Title : Is forced prayer the answer to the National Anthem problem?
link : Is forced prayer the answer to the National Anthem problem?
Is forced prayer the answer to the National Anthem problem?
I'm watching the opening ceremony for the Ravens vs. Steelers game on TV right now because I wanted to see how they'd handle it. The plan was in place, with an announcer on the public address system saying:Before the singing of the National Anthem, please join Ravens players and coaches and the entire Ravens organization to pray that we as a nation, embrace kindness, unity, equality, and justice for all Americans.All the players shown on camera then took the position that we've seen players use in the protests during the National Anthem. So the position that meant protest was supposed to transform into meaning supplication toward God.
This was coercive prayer, and I don't know what kinds of religious-freedom objections the players and coaches and spectators might feel: Is there something wrong with using prayer this way, to fix a political (and commercial) problem?
The Ravens coach, John Harbaugh — who is a vocal Catholic — made the sign of the cross, and I wondered if there were others whose religion impels them to pray in some special way that was not provided for here and still others who are nonbelievers and troubled by the burden of coerced prayer.
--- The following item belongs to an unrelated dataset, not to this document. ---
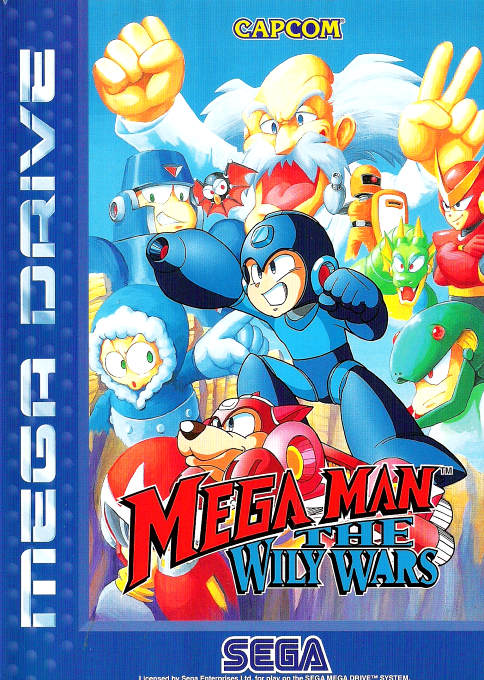 Jaquette de Mega Man : The Wily Wars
From the fans, I heard loud booing, which I interpret as calling bullshit on the instrumental use of religion to preserve the protest gesture they don't like. Management might have thought the prayer packaging would silence the crowd, lest they sound as though they are objecting to religion. Surely, religion will be respected. They thought wrong. Public displays of religion are often the insincere use of religion as a means to an end and sometimes it works, but it didn't work this time, judging by the boos.
But perhaps that was only a minority booing, the booers will be seen as disrespectful, and the pre-anthem kneeling in prayer will become the ongoing solution to the National Anthem problem. I kind of doubt that, because I associate political liberals with a longstanding objection to prayer before football games. Here, read what Linda Greenhouse wrote in the NYT about Santa Fe Independent School District v. Doe, the football prayer case. (Yes, this was about teenagers and public school, so there are big differences, but the point is that political liberals tend to have strong compunctions against coerced prayer and little sentimental empathy about football prayer.)
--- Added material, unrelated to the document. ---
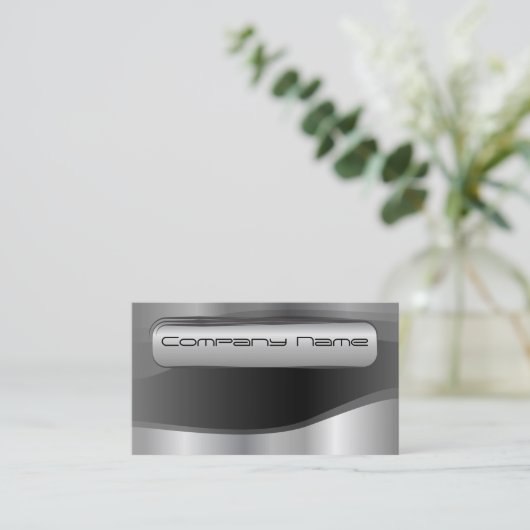 Elegant Corporate Visitekaartje (Staand voorkant)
After the prayer at the Ravens game today, there was a particularly patriotic version of the National Anthem, complete with a call to "remove your hats as we honor our nation" and the "military who protect us" and a flyover A-10s — with fireworks — as the anthem — which was "written right here in Baltimore" — was sung in luscious harmony vocal trio from the US Air Force Heritage of America Band. The crowd in the stadium responded to all of that with great enthusiasm.
The players and coaches, of course, rose from the kneeling position before the anthem-related section of the opening ceremony began.